Web robot sessions are extracted by using multi fold approaches in first step we applied well known heuristics proposed in [2] but this has left number of robot sessions without identification. So in second step our log analyzer uses the database of IP addresses and user agent fields of well known bots [20, 21]. if the web serve log session’s IP addresses or user agent is matches with IP or user agent of well known crawlers then session is labelled as web robot sessions and it effectively obtains a sizable sample of requests from web robots to infer significant trends. Human visitor’s sessions are identified by using time oriented heuristics. The time-oriented heuristic can be two types: the session-duration heuristic and page-stay time heuristic. These two time-oriented heuristics can be used individually or jointly to segment the user activity log into sessions. Each heuristic h scans the user activity logs to which the web server log is partitioned after user identification, and outputs a set of constructed sessions:

• h1 (session-duration heuristic): Total session duration may not exceed a threshold θ. Given t0, the timestamp for the first request in a constructed session S, the request with a timestamp t is assigned to S, iff t − t0 ≤ θ. This heuristics varies from 25.5 minutes to 24 hours while 30 minutes is the mostly used default timeout for session duration [22].This information is summarized in Table 2.
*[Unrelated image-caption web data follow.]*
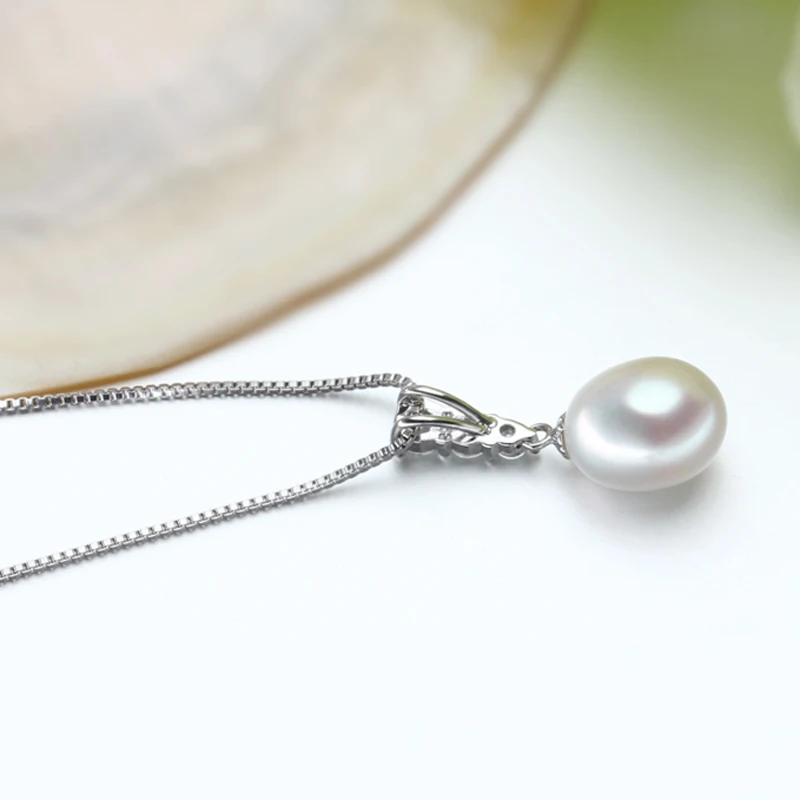 Fashion Natural Black Pearl Pendant Necklaces 925 Sterling Silver Jewelry For Women Pearl Necklace Silver Chain Accessories Gift pendant necklace,silver necklace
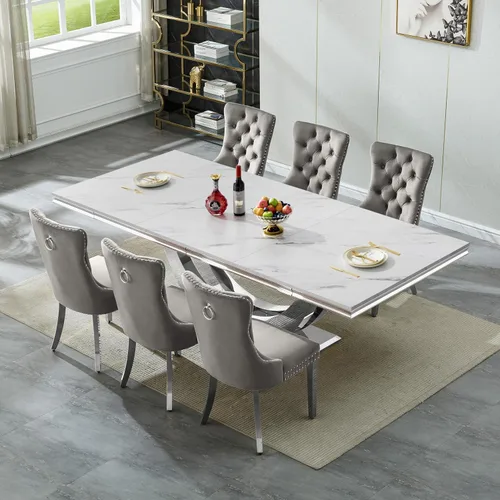 Vista 47 de SSLine Juego de mesa de comedor de mármol sintético blanco de 68 pulgadas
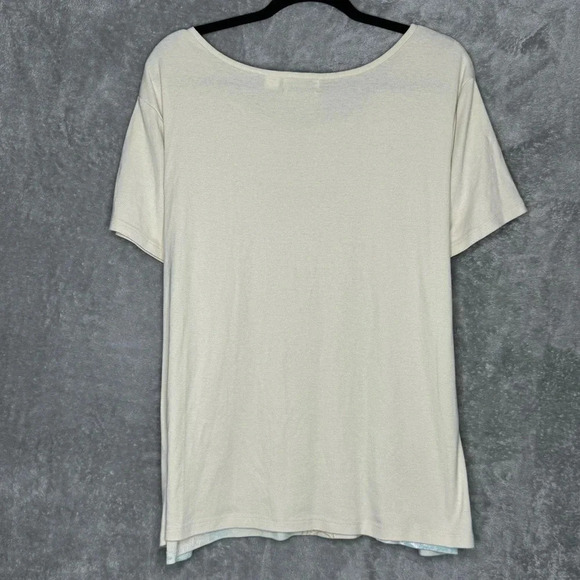 IB Diffusion 2X Shirt Top Yellow Floral Landscape Short Sleeve Scoop Neck Cotton - Picture 3 of 7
Table 2. web server access log of twenty day’s duration

4. Experiments

In this section we perform various experiments to draw the comparison between access behaviour of human visitors and web robots. As shown in Table 2, very large number of requests, users and sessions are generated for the web server logs. To capture microscopic view and avoid processing overhead for this analysis we are using sample of this log to show comparisons.

4.1. Experiment-I

Comparison of Resource acquisition pattern:- Here we analyze and compare the percentage of requests, percentage of visitors and percentage of bandwidth consumed by human and robots for each specific types of resources.. The most striking observation to emerge from the data comparison (Figure 2) was that robots exhibit their aggression to only access web resources (*.html, *.php, *.htm etc.) and engrossed more number of requests, visitors and consumed more bandwidth as compare to human visitors. While Human visitors show uniform access behaviour for all type of resources and receive less number of requests and visitors and consumed less bandwidth for web resources but aggregate value (including all type resources) is quite high as compared to robots. Interestingly, there were also differences in the ratios of web to image resources accessed by humans and robots. This value is very large for robots than humans. It is reasonable to expect humans to request many web resources as they browse from page to page to retrieve information and download files. But this percentage may be low because humans’ liking may be twisted towards embedded resources (*.jpg, *.png,*.gif etc.) with web pages.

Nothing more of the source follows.